Task goal: Repeat the listing exactly. Any picture in it should be left out of the copy.

Available data:
--------------------------------------------------
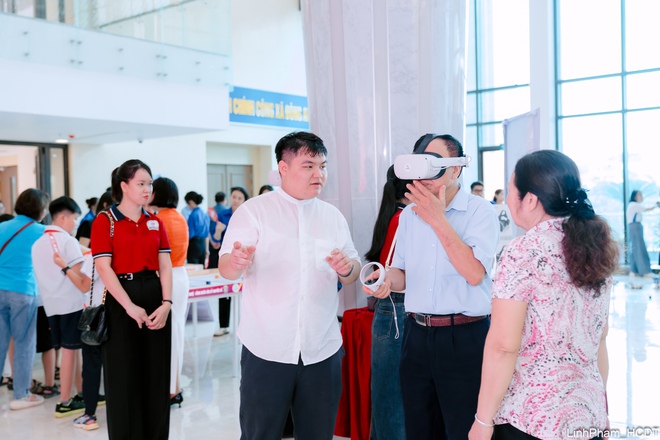 Xã Đông Anh phấn đấu trở thành điểm sáng trong phong trào “Bình dân học vụ số” của Thủ đô và cả nước- Ảnh 8.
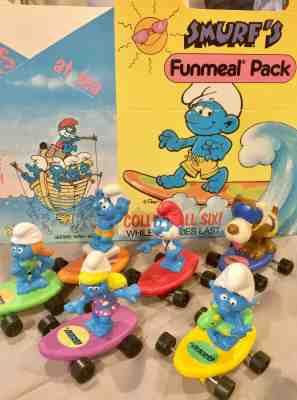 HARDEES PROMO SMURFS ON SURFBOARDS SET!  w/ ORIGINAL FUNMEAL BOX!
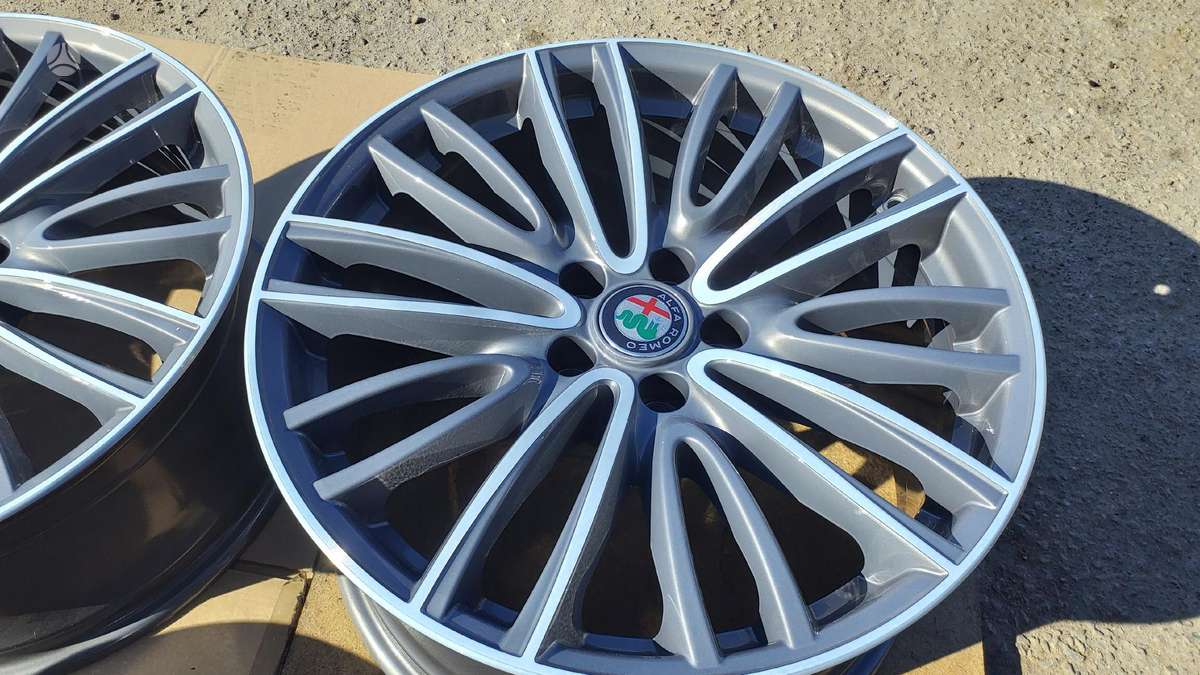 Alfa Romeo Giulia, light alloy, R18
--------------------------------------------------
Answer box:
 Xã Đông Anh phấn đấu trở thành điểm sáng trong phong trào “Bình dân học vụ số” của Thủ đô và cả nước- Ảnh 8.
 HARDEES PROMO SMURFS ON SURFBOARDS SET!  w/ ORIGINAL FUNMEAL BOX!
 Alfa Romeo Giulia, light alloy, R18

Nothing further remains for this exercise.